• Olly Jordan

Chapter 36 - Teen Choice - Have the 80's made a Return in Modern Design? - Uni 3rd Year 2017/18

Updated: Jun 22, 2020

When looking into current trends of design, I would say that neon is very much taking over the world at the moment with shows like ‘Riverdale’ and ‘Stranger Things’, as well as films like 'Thor Ragnarok' taking to a very 80’s feeling.

Case Studies: Stranger Things, Riverdale, Thor Ragnarok

Stranger Things

‘Stranger Things’ is a show on Netflix that is set in the 80’s where the children have to help save the world from an outbreak of creatures from another dimension breaking through into the real world and wreaking havoc. You can see in the promotion posters that the children have been edited to just a duo-toned red and blue colour palette. These are the colours used throughout the show quite a lot. The logo below is one that when animated, glows like a neon sign.

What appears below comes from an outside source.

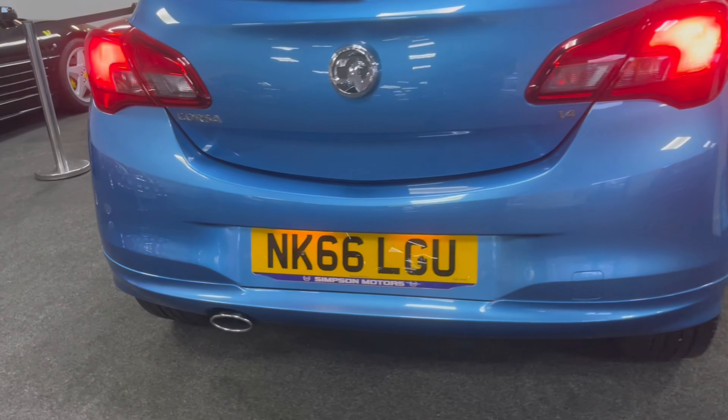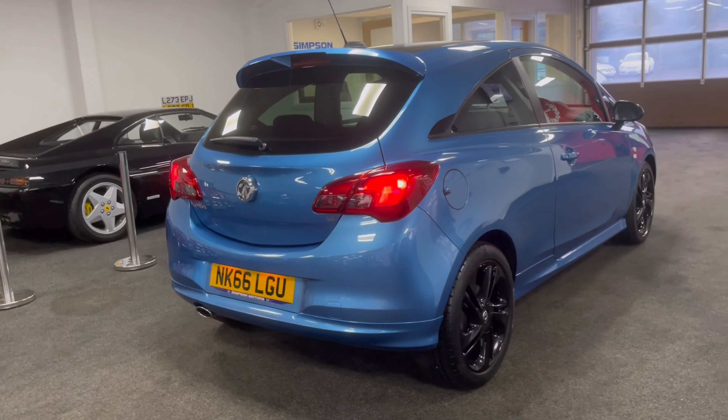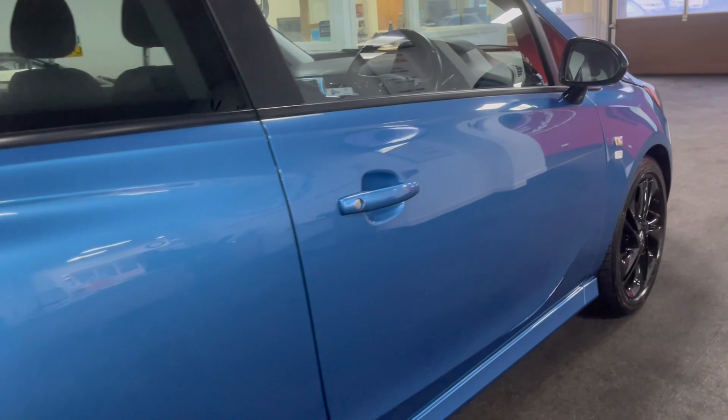17-inch alloy wheels in black, privacy glass. Full details are on simpsonmotors.co.uk.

‘Riverdale’ is also a hit show on Netflix at the moment which is currently running it’s fourth season, but was on it's second season at the time of making this Teen Choice project. You can see that similarly to ‘Stranger Things’, neon and duo toned red and blue colours are being used within the colour palette of the promotion posters. ‘Riverdale’ is not actually set in the 80’s like ‘Stranger Things’ is, but it clearly has a similar design aesthetic going on.

Thor Ragnarok

Current design being influenced by the 80’s is not limited to TV shows, it can also be seen in films as well as in many other places. But one very fitting example of the 80’s being reborn in current design is the use of design in ‘Thor Ragnarok’. It is being used very efficiently in the promotion posters there too, but in a different way to what ‘Riverdale’ and ‘Stranger Things’ previously have.

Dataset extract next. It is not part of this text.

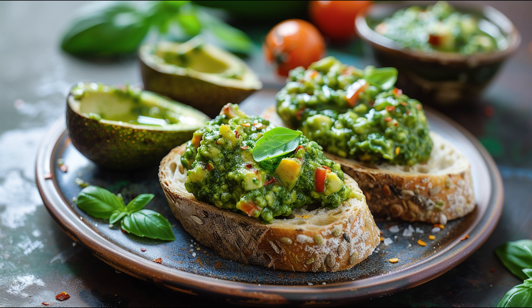A dish best served fresh. Though best enjoyed immediately, the components can be prepared in advance for convenience. To retain freshness, the pesto and toppings should be stored separately and assembled just before serving, ensuring the toast remains crisp and the flavors vibrant. This avocado pesto bruschetta not only stands as a testament to culinary creativity, but also offers a delightful experience that is both nourishing and indulgent, perfect for any occasion.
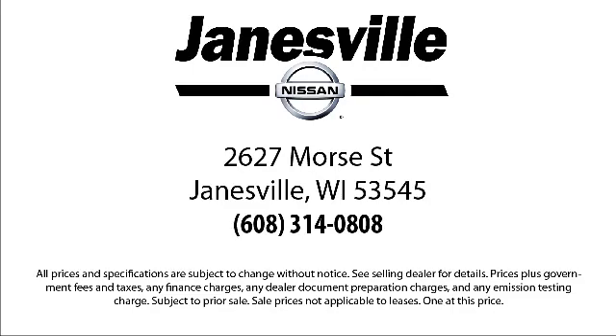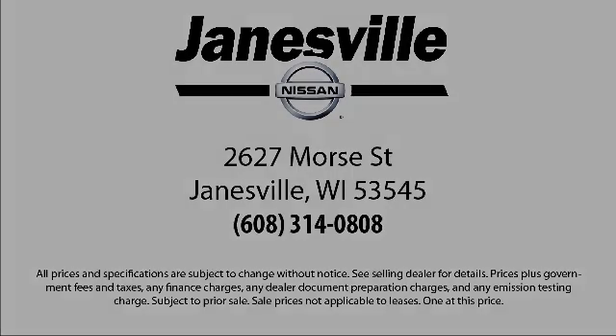We're located at 2627 Moore Street in Janesville. We'll see you next time.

Obviously, two of my three actors I am choosing to work with are from this film, so that makes it interesting to discuss how the design of the promotion material has been used here. Yes, it could be said that a duotone is being used here - red and green. But what it is that makes this design feel very 80’s is the way that a combination of neon and geometric shapes have been used.

Further Research into 2018 Being Inspired by the 80's

‘10 Graphic Design Trends to Watch in 2018


1. Responsive Logos 2. Gradients 3. More depth (with semi-flat design) 4. Dashing duotones 5. Palettes & patterns inspired by the 80’s and 90’s 6. Movement: animation & GIFs 7. Bold typography 8. Custom graphic art and illustration 9. Authentic photography 10. Highly-detailed vintage’ With just this list and not knowing any information about what the details are for each in the list, it is clear that ‘Riverdale’, ‘Stranger Things’ and ‘Thor Ragnarok’ all follow quite a lot of the things on the list - gradients, dashing duotones, palettes & patterns inspired by the 80’s and 90’s, bold typography. It could be said that this article really does speak the truth and that 80’s really is everywhere in design now.

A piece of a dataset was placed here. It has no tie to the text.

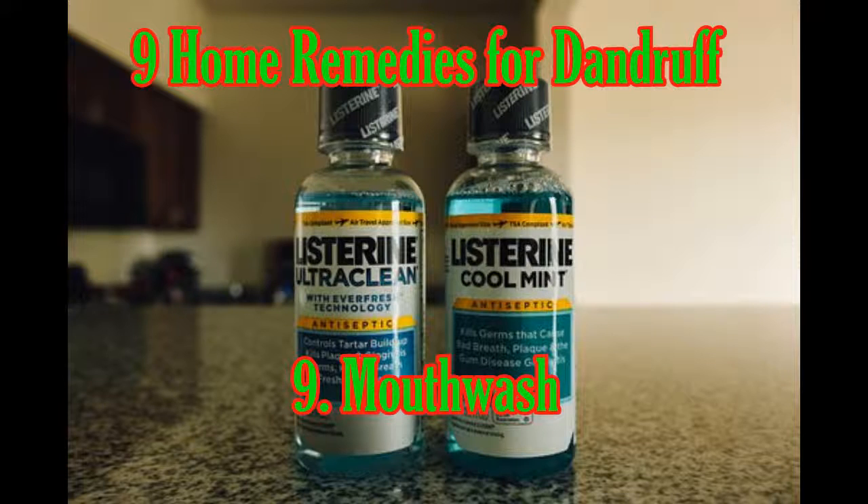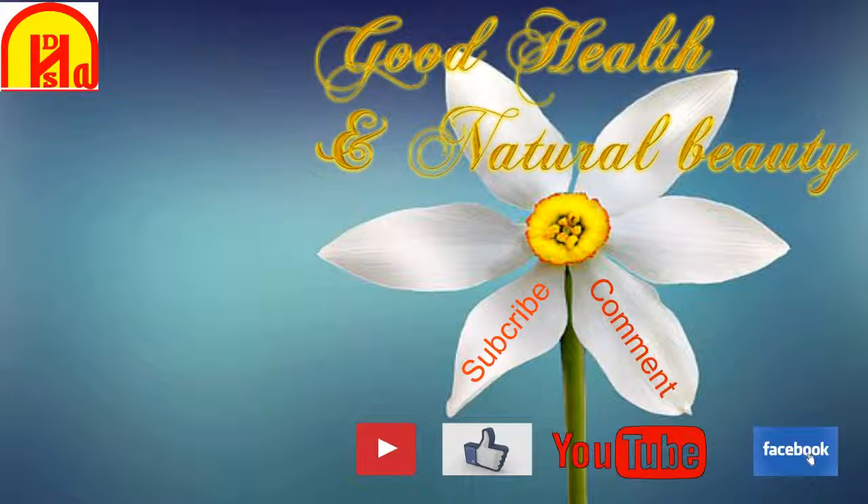Mouthwash: If you have a bad case of dandruff, wash your hair with your regular shampoo, then rinse your hair with an alcohol-based mouthwash. Mouthwash has anti-fungal properties that will help eliminate the dandruff-causing yeast from growing.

The article continues: ‘Duotones are traditionally created through a halftone printing process where the halftone printing process where one halftone is printed on top of another of a contrasting color, creating two-toned image. This fundamental printing technique has found life in digital media. Imaging software has made it easier than ever to create duotones, as well as related variations like monotones, tritones, quadtones and “fake duotones” (tinted images).’

‘Palettes & patterns inspired by the 80’s & 90’s From pretty pastels (“millennial pink”, anyone?) to electric hues, color schemes from the 80’s and 90’s have been gaining popularity once again. With the movement away from ultra-flat designs, expect to see the abstract and geometric patterns inspired by the era move from the fringes into the mainstream as well. As children of the 80’s and 90’s become more prominent and influential as both brand leaders and key target audiences, this trend can add visual excitement as well as a touch of nostalgia to your designs.’

As you can see with the examples above as well as the descriptions to go along with it, 80’s and duotones are very in at the moment, the graphic font used in the ‘Bliss Thai’ brand above has helped confirm to me that my kind of typography from my logo would really suit the current movements that are all around us in design because it is so expressive.

Looking deeper again into the origin of the 80’s aesthetic, I came across a video that discusses some of the designers of the time.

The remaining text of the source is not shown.